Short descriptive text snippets

++++++

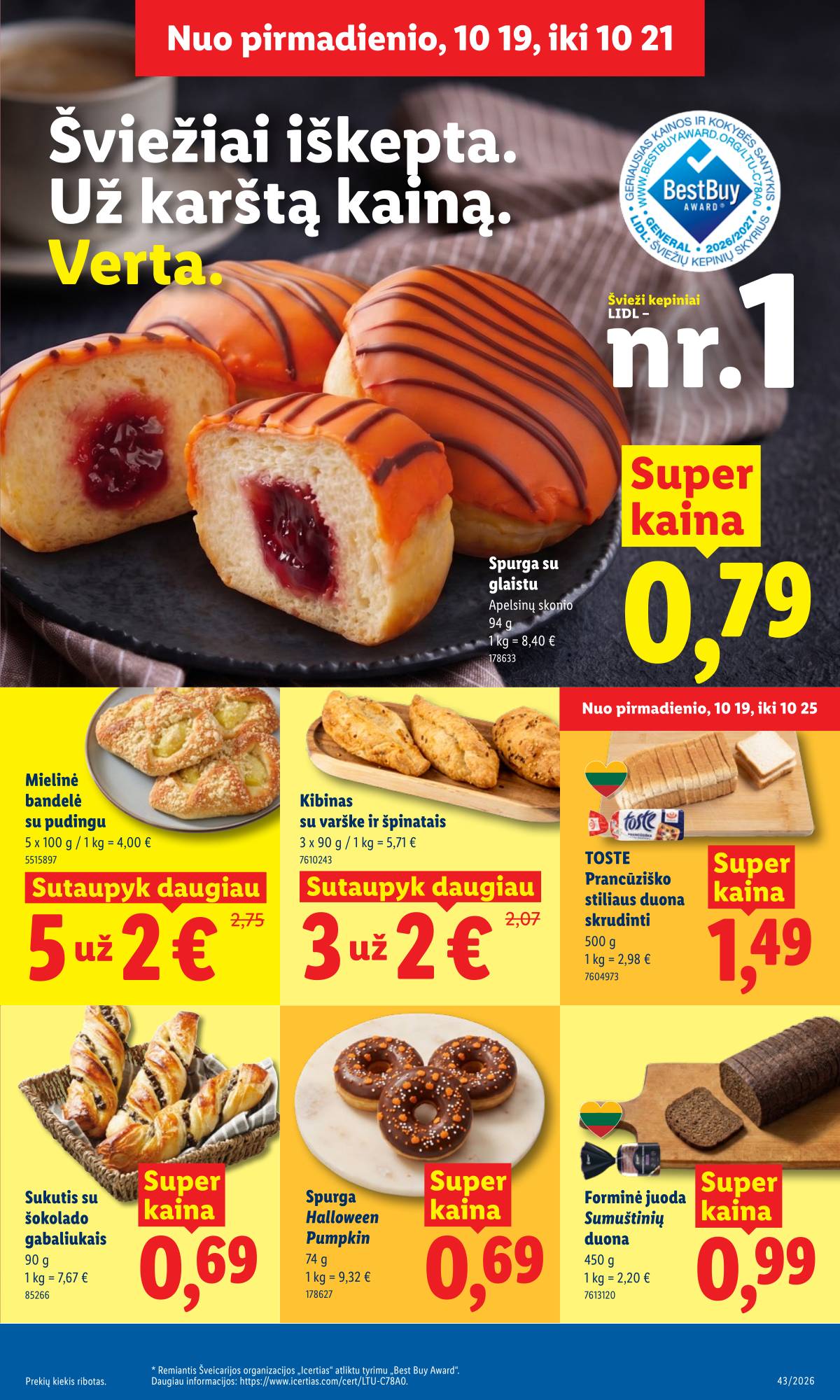 Lidl - LIDL SAVAITĖS Maisto prekių akcijų leidinys 7 puslapis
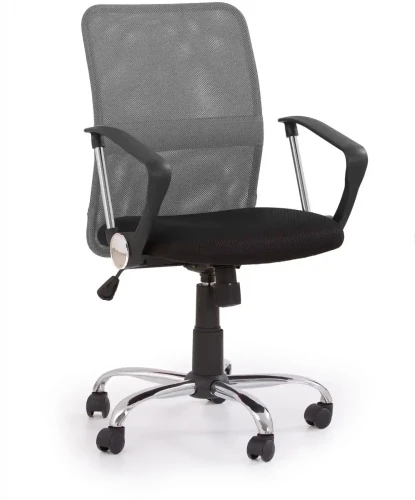 Fotel obrotowy Tony 58 cm nowoczesny z mechanizmem TILT do biura popiel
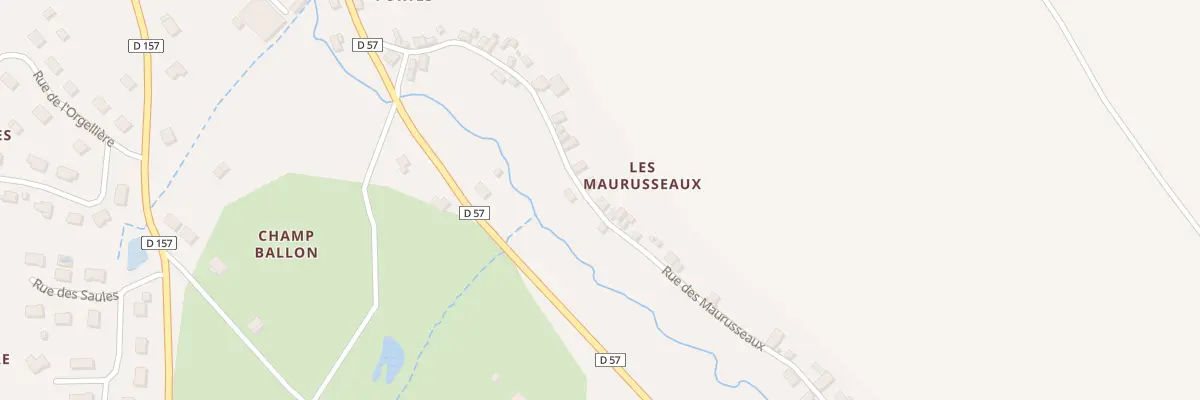 Plan du 34 Rue des Maurusseaux à Villaines-les-Rochers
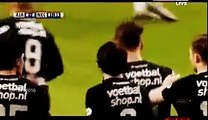 El futbolista Christian Santos marcó un gol ante el Ajax de Holanda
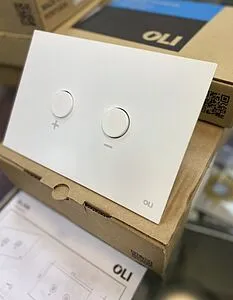 Клавиша смыва для унитаза OLI Blink 216621 белый, 4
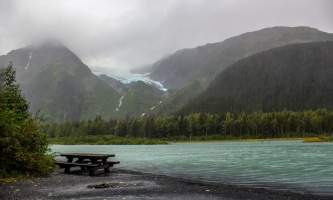 Alaska Middle glacier chugach national forest sandy wilson glaciers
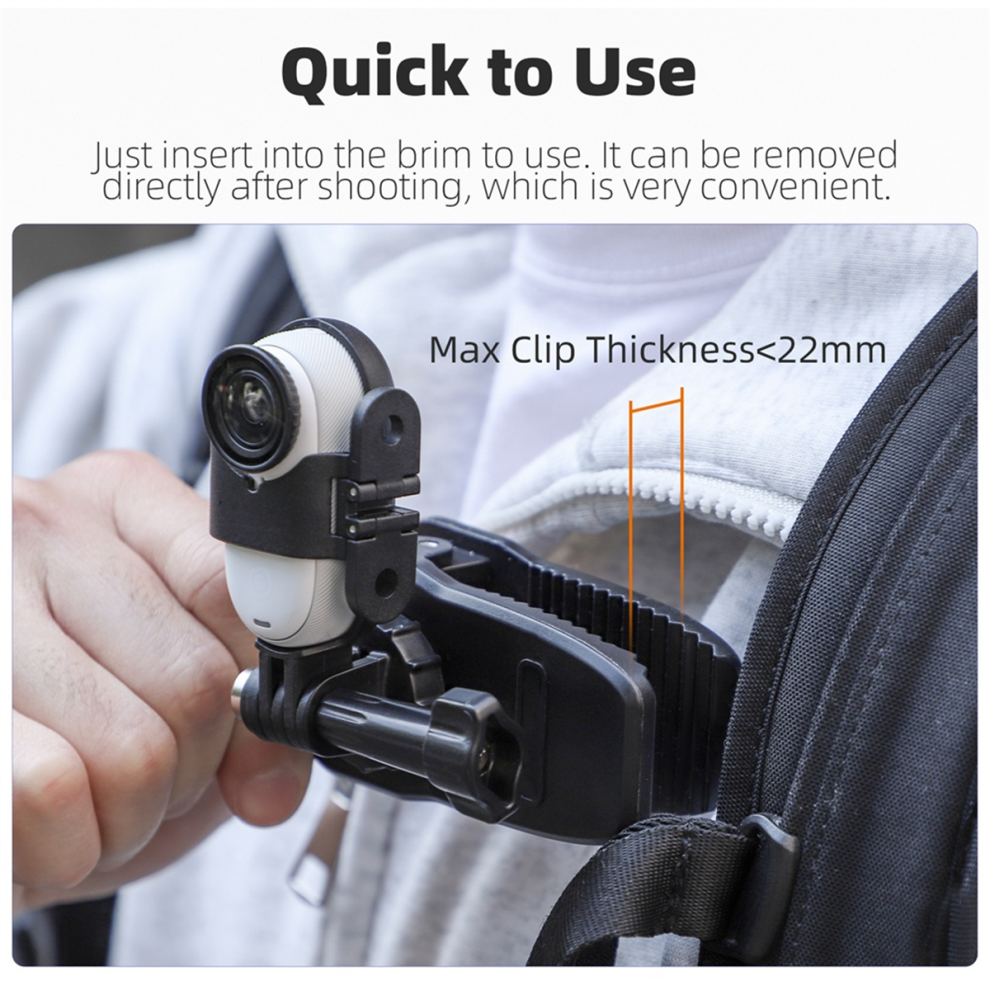 Backpack Clip For Insta360 And Gopro Cameras 4853307539089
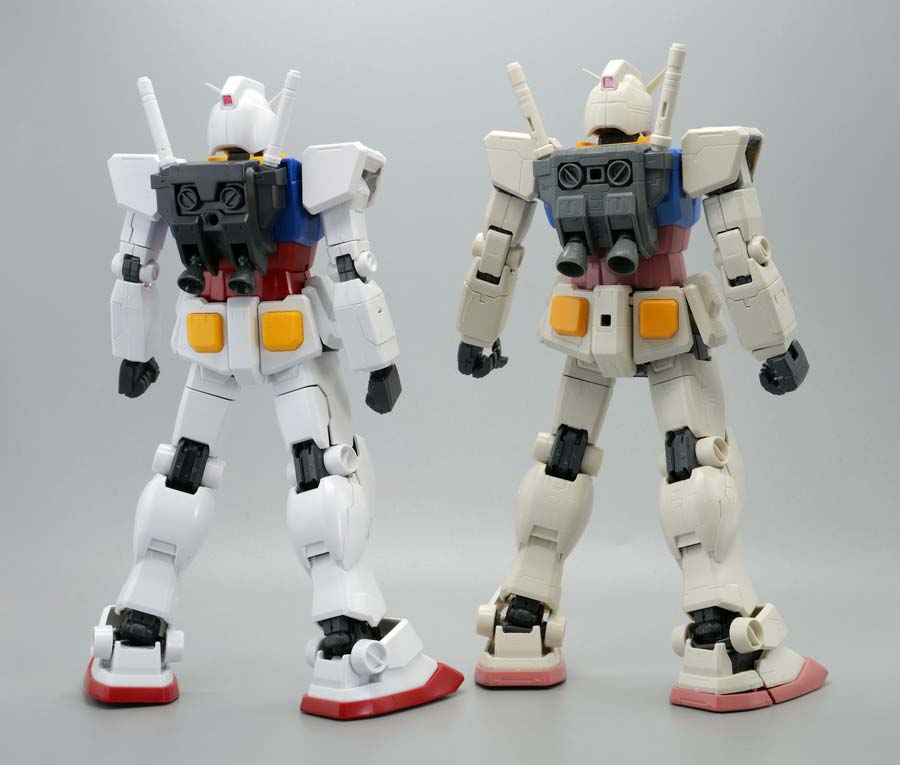 MG 1/100 RX-78-2ガンダム Ver.ONE YEAR WAR 0079のガンプラレビュー画像です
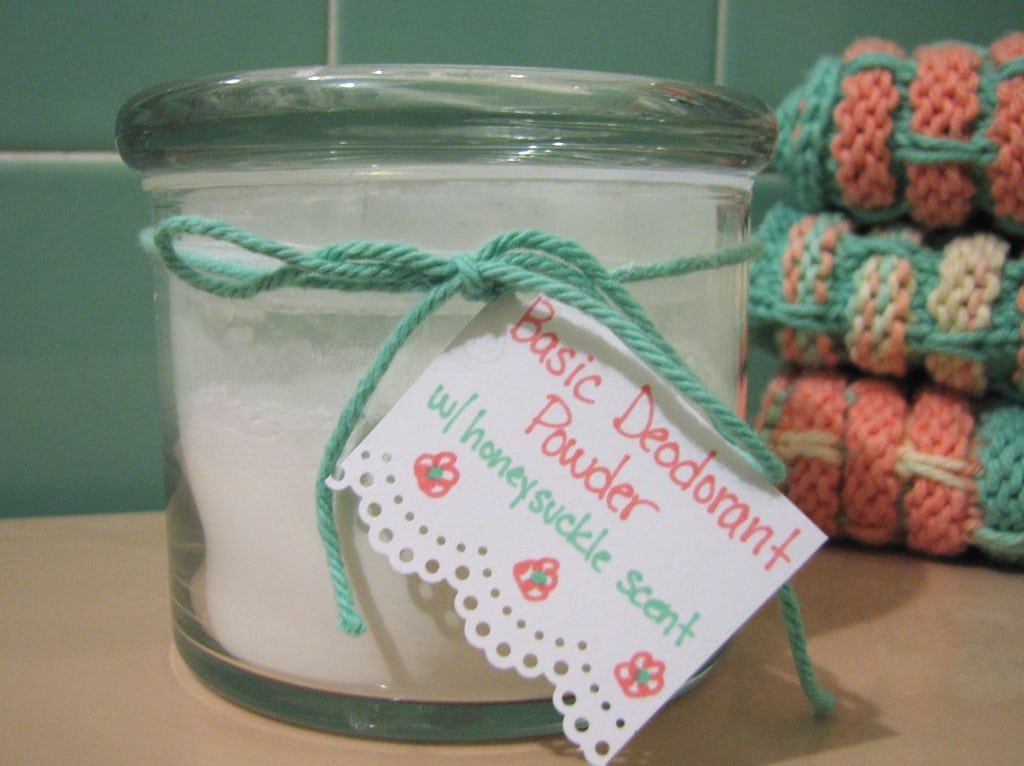 Homemade deodorant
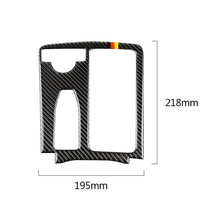 Load image into Gallery viewer, Car German Flag Carbon Fiber Left Drive Gear Position Panel Decorative Sticker for Mercedes-Benz W204 2007-2013 / W212 2010-2012 , Left Drive Gear Position (German Flag)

++++++

**Exercise aim**
Nothing but the lines from the one that holds "Backpack Clip For" through the end of the data should appear, written out exactly, without pictures.

**Task output**
 Backpack Clip For Insta360 And Gopro Cameras 4853307539089
 MG 1/100 RX-78-2ガンダム Ver.ONE YEAR WAR 0079のガンプラレビュー画像です
 Homemade deodorant
 Load image into Gallery viewer, Car German Flag Carbon Fiber Left Drive Gear Position Panel Decorative Sticker for Mercedes-Benz W204 2007-2013 / W212 2010-2012 , Left Drive Gear Position (German Flag)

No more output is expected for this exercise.